The Mexican Navy has been deployed to Cancun and Mexican Caribbean beaches in an effort to help clear massive amounts of sargassum from the shorelines.
Sargassum seaweed is one of the main issues affecting travelers in Cancun and the Mexican Caribbean this year, to the point that it has surpassed safety as the main concern faced by visitors.
Although harmless, the macroalgae tarnish the region’s stunning white-sand beaches are a major source of frustration among visitors, who primarily flock there in search of azure waters and powdery shores.
Over 3000 Tons Of Seaweed Removed From Popular Beaches In A Matter Of Weeks
It’s no secret that the Mexican Caribbean is dealing with record-shattering amounts of sargassum seaweed this year, prompting authorities to announce more aggressive measures to protect the region’s beaches.

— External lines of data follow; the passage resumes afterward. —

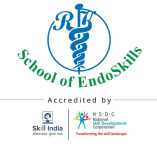 R K School of Endoskills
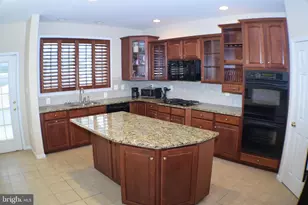 203 Lynnehaven Dr, Winchester, VA 22602 - Photo 9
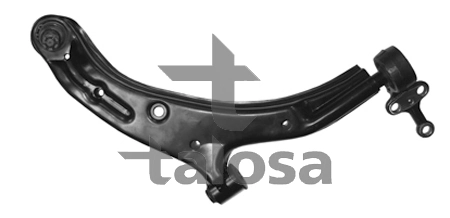 4004369 Talosa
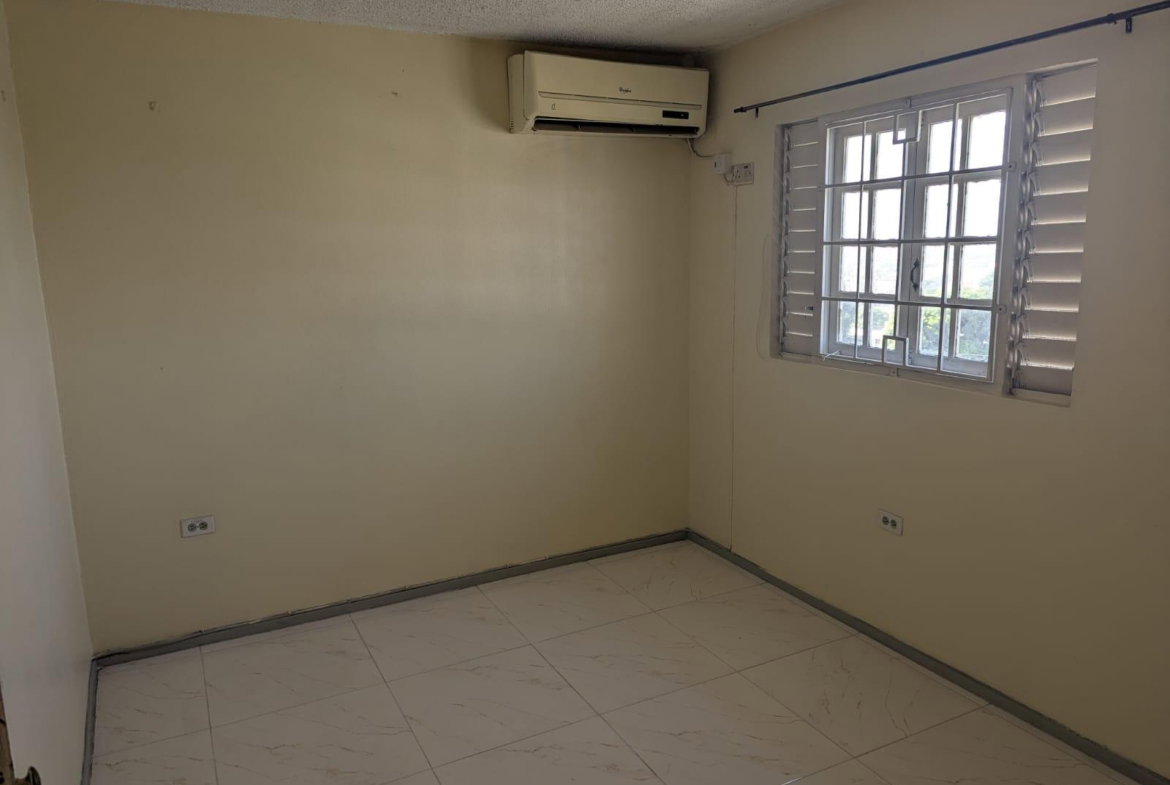 First image of 605-114 Constant Spring Road in Kingston 8, St. Andrew, Jamaica - property is For Sale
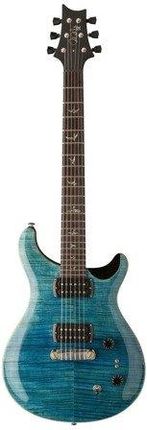 Prs Se Paul'S Guitar Aqua - Gitara Elektryczna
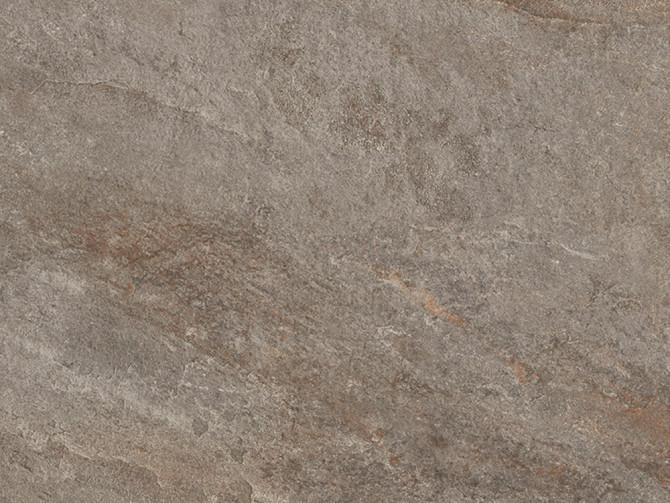 Tile Image
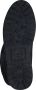 Dubarry Galway Blauw Bruin Dames Outdoorboots Bruin Blauw Kleur Bruin Blauw - Thumbnail 8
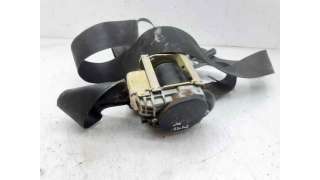 CINTURON SEGURIDAD DELANTERO DERECHO CITROEN XSARA PICASSO (2005-2011) 1.6 HDI 90CV 1560CC - L.6525178 / 8973L8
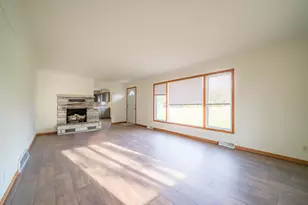 641 N Birch St, Royalton, MN 56373 - Photo 4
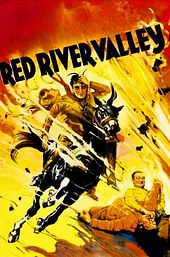 Red River Valley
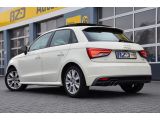 Audi A1 bei Sportwagen.expert - Abbildung (2 / 15)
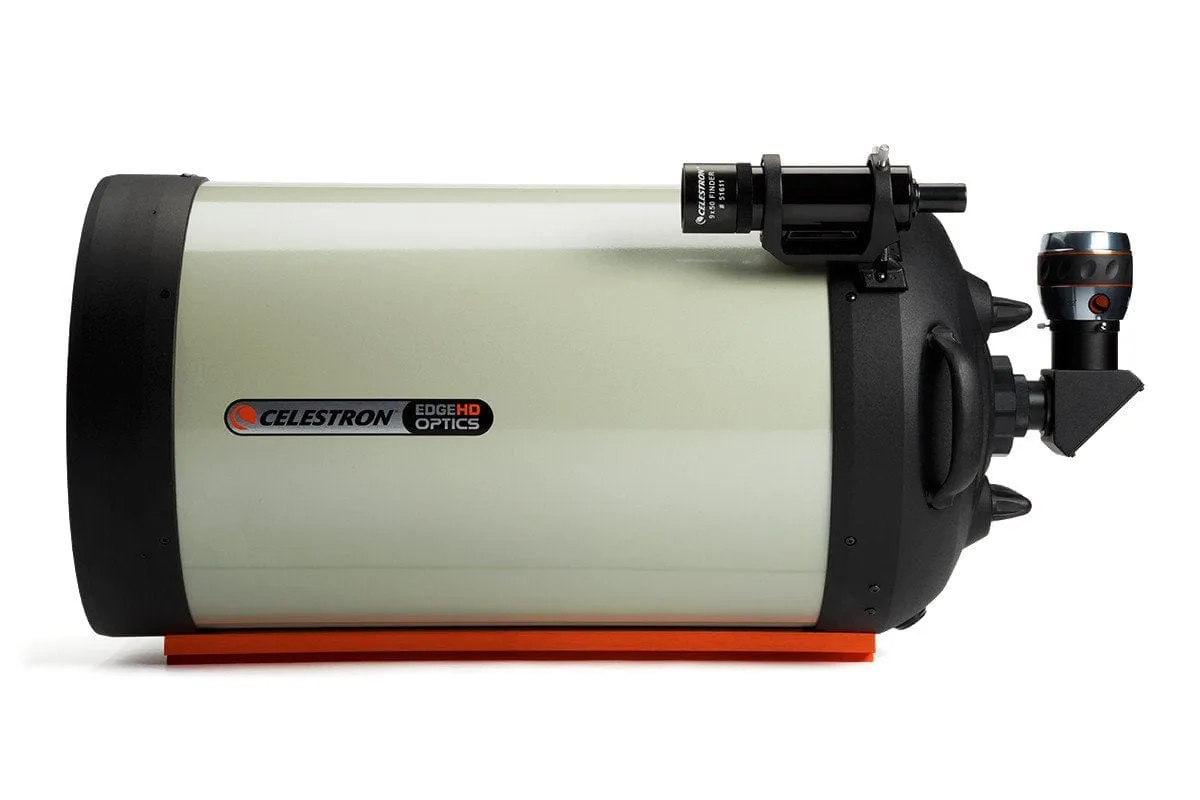 Celestron EdgeHD 1400 OTA - CGE - 91060-XLT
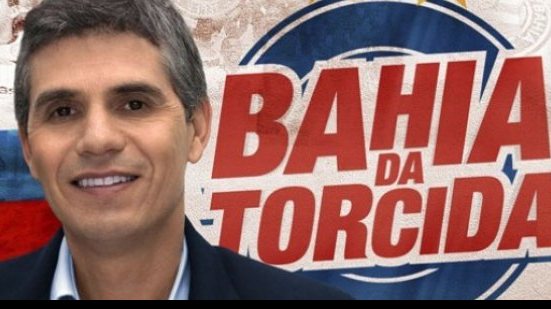 Imagem "Não prometemos contratar nenhum jogador", garante Sidônio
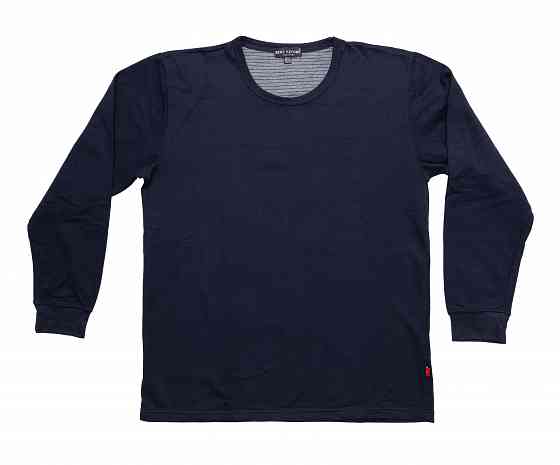 Комплект новый 60р мужского термобелья Beny Keyond Донецк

Resorts, as well as officials across popular resort hotspots like Cancun, the Riviera Maya, and Isla Mujeres, rely on an extensive network of cleaners and heavy-duty machinery to keep beaches clean, although this has proven to be more challenging than in previous years as sargassum levels reach unprecedented highs.
To properly address the situation ahead of a potentially record-breaking summer for Mexico’s travel industry, officials recently deployed vessels from the Mexican Navy to assist in massive clean-up efforts.
The Secretary for the Navy has deployed a total of 12 ships as well as 16 smaller vessels as part of a wider strategy to remove sargassum seaweed from public beaches.
The boats are operated thanks to over 350 Navy officers, whose primary goal is to ensure optimal conditions for beachgoers in the Mexican Caribbean this summer.
The Mexican Navy is also deploying some 9,050 meters of sargassum barriers as a preventive measure. Several resort cities like Playa del Carmen and Tulum have drastically increased the number of sargassum barriers this year to further improve cleanliness.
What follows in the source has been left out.